Mi sento un po’ giù

“Cosa c’è figlio mio?” chiese al suo figliolo, che aveva l’aria un po’ abbacchiata. “Niente” rispose, palesemente mentendo, sapendo che avrebbe insistito per saperlo. “Mi sento un po’ giù, ecco tutto”.

“Che ti è successo oggi? Di sicuro qualcosa non ti è andato per il verso giusto” riprese il padre. “Non è solo oggi – proseguì il figlio – ormai è da un po’ che è così; mi alzo al mattino e non so perché, corro al lavoro, ritorno col fiatone a casa dove mi aspettano altre fatiche, mi spremo per fare al meglio, e alla fine non ne ricavo nulla”.

“Mi dispiace, figlio mio – continuò il padre un po’ addolorato per la sua delusione che sapeva avere confini più ampi – vorrei risolverti tutto con un colpo di bacchetta magica, ma non servirebbe. Vedi, non si tratta di vivere un’altra vita, ma di trovare il senso a questa, che ho preparato per te”.

“Sì ma per me questa vita così com’è non ha senso, non vedo, non  capisco, ci sto male, vorrei cambiare tante cose e non posso, insomma, mi sento in carcere!”. Quel Padre buono si addolorò in cuor suo della sofferenza di quel figlio, che tanto amava.
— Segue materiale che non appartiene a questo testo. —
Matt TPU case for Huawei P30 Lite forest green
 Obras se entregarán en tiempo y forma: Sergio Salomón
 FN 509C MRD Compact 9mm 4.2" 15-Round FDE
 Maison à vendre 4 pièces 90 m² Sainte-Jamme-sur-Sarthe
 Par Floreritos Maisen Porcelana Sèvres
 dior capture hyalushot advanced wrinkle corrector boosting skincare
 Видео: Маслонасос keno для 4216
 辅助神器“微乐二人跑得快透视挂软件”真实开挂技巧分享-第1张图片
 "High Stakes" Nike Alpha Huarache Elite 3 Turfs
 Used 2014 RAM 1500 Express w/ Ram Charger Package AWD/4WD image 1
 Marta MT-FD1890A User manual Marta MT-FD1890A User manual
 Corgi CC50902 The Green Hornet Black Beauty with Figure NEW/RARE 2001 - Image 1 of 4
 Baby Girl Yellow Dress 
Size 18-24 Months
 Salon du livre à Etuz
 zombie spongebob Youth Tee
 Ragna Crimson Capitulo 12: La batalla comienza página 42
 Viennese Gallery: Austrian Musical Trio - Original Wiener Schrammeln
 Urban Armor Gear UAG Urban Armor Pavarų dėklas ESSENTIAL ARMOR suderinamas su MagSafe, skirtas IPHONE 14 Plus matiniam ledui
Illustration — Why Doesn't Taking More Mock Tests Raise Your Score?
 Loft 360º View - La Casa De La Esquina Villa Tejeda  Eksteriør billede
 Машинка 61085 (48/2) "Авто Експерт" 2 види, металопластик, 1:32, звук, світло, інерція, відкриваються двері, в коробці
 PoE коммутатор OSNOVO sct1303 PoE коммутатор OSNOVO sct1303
Sapeva dove l’avrebbe portato quella catena di eventi che la sua provvidenza aveva predisposto per lui, ma voleva che ci arrivasse liberamente.

“Figlio mio – riprese il Padre – lo so che vorresti vedere e capire tutto ma non puoi farlo. Vorresti una sicurezza che non hai, ma credimi, non sono le cose che ti proteggeranno. Ti chiedo di fidarti di me, e delle giornate che volta per volta ti regalo; usale come una scala, un’ora dopo l’altra, un gesto dopo l’altro, per costruire una nuova vita in te, cercando di uscire dai tuoi soli problemi, chiedendo aiuto se necessario. Credimi, non ti farò mancare nulla di ciò che davvero ti è necessario, di ciò che realmente serve al tuo cuore e alla tua anima”.

Da allora alcune luminose bricioline di pane ti hanno segnato la via, hai scoperto che quei semplici gesti di interesse per chi ti circondava, quelle piccole e nascoste rinunce a cose che ti apparivano fino ad allora falsamente indispensabili, ti rendevano più libero e leggero ogni giorno di più.

Quel giorno ti sei accorto che – forse – la “mistica del magari”, magari fossi così, magari avessi questo, magari non mi fosse successo quello, era per te un vicolo cieco, e tarpava le ali ad ogni tuo slancio.

Ti sei affidato alla tua noiosa giornata gettandoti come un passero ad ali spiegate nell’aria che non si vede ma lui sa che c’è, e gioca a fare l’aquila ben più grande di lui, per sognare, volare più in alto, e come lei essere capace di guardare il sole.

Quel giorno, nei mille dettagli che hai cominciato a notare, hai iniziato a scoprire il senso. Era l’amore di chi ti aveva voluto.